= Work to be completed =
No record may be left out; print them all verbatim.
================
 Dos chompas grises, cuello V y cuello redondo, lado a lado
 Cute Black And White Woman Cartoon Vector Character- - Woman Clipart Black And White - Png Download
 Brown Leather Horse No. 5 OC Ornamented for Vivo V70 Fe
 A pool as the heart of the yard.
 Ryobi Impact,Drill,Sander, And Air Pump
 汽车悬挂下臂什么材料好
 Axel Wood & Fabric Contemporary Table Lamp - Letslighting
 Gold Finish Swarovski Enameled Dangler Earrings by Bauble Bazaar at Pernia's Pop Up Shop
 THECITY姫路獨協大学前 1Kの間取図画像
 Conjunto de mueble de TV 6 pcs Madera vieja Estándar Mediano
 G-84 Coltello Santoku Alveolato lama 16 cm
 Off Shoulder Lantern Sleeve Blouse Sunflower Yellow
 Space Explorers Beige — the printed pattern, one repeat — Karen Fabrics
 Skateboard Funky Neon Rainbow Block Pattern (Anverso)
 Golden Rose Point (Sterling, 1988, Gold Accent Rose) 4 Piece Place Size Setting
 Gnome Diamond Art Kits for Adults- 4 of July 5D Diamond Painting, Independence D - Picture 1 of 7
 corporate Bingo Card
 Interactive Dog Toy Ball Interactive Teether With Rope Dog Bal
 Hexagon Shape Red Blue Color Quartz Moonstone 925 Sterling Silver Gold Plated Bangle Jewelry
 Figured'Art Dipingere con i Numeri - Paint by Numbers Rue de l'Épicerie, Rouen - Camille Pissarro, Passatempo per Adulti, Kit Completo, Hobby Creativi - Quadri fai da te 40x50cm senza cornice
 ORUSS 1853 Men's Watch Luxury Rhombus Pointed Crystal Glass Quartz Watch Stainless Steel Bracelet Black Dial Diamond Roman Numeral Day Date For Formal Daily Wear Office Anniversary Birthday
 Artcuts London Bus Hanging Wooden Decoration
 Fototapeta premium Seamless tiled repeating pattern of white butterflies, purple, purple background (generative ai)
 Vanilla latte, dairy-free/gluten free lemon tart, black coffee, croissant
================
= Task output =
 Dos chompas grises, cuello V y cuello redondo, lado a lado
 Cute Black And White Woman Cartoon Vector Character- - Woman Clipart Black And White - Png Download
 Brown Leather Horse No. 5 OC Ornamented for Vivo V70 Fe
 A pool as the heart of the yard.
 Ryobi Impact,Drill,Sander, And Air Pump
 汽车悬挂下臂什么材料好
 Axel Wood & Fabric Contemporary Table Lamp - Letslighting
 Gold Finish Swarovski Enameled Dangler Earrings by Bauble Bazaar at Pernia's Pop Up Shop
 THECITY姫路獨協大学前 1Kの間取図画像
 Conjunto de mueble de TV 6 pcs Madera vieja Estándar Mediano
 G-84 Coltello Santoku Alveolato lama 16 cm
 Off Shoulder Lantern Sleeve Blouse Sunflower Yellow
 Space Explorers Beige — the printed pattern, one repeat — Karen Fabrics
 Skateboard Funky Neon Rainbow Block Pattern (Anverso)
 Golden Rose Point (Sterling, 1988, Gold Accent Rose) 4 Piece Place Size Setting
 Gnome Diamond Art Kits for Adults- 4 of July 5D Diamond Painting, Independence D - Picture 1 of 7
 corporate Bingo Card
 Interactive Dog Toy Ball Interactive Teether With Rope Dog Bal
 Hexagon Shape Red Blue Color Quartz Moonstone 925 Sterling Silver Gold Plated Bangle Jewelry
 Figured'Art Dipingere con i Numeri - Paint by Numbers Rue de l'Épicerie, Rouen - Camille Pissarro, Passatempo per Adulti, Kit Completo, Hobby Creativi - Quadri fai da te 40x50cm senza cornice
 ORUSS 1853 Men's Watch Luxury Rhombus Pointed Crystal Glass Quartz Watch Stainless Steel Bracelet Black Dial Diamond Roman Numeral Day Date For Formal Daily Wear Office Anniversary Birthday
 Artcuts London Bus Hanging Wooden Decoration
 Fototapeta premium Seamless tiled repeating pattern of white butterflies, purple, purple background (generative ai)
 Vanilla latte, dairy-free/gluten free lemon tart, black coffee, croissant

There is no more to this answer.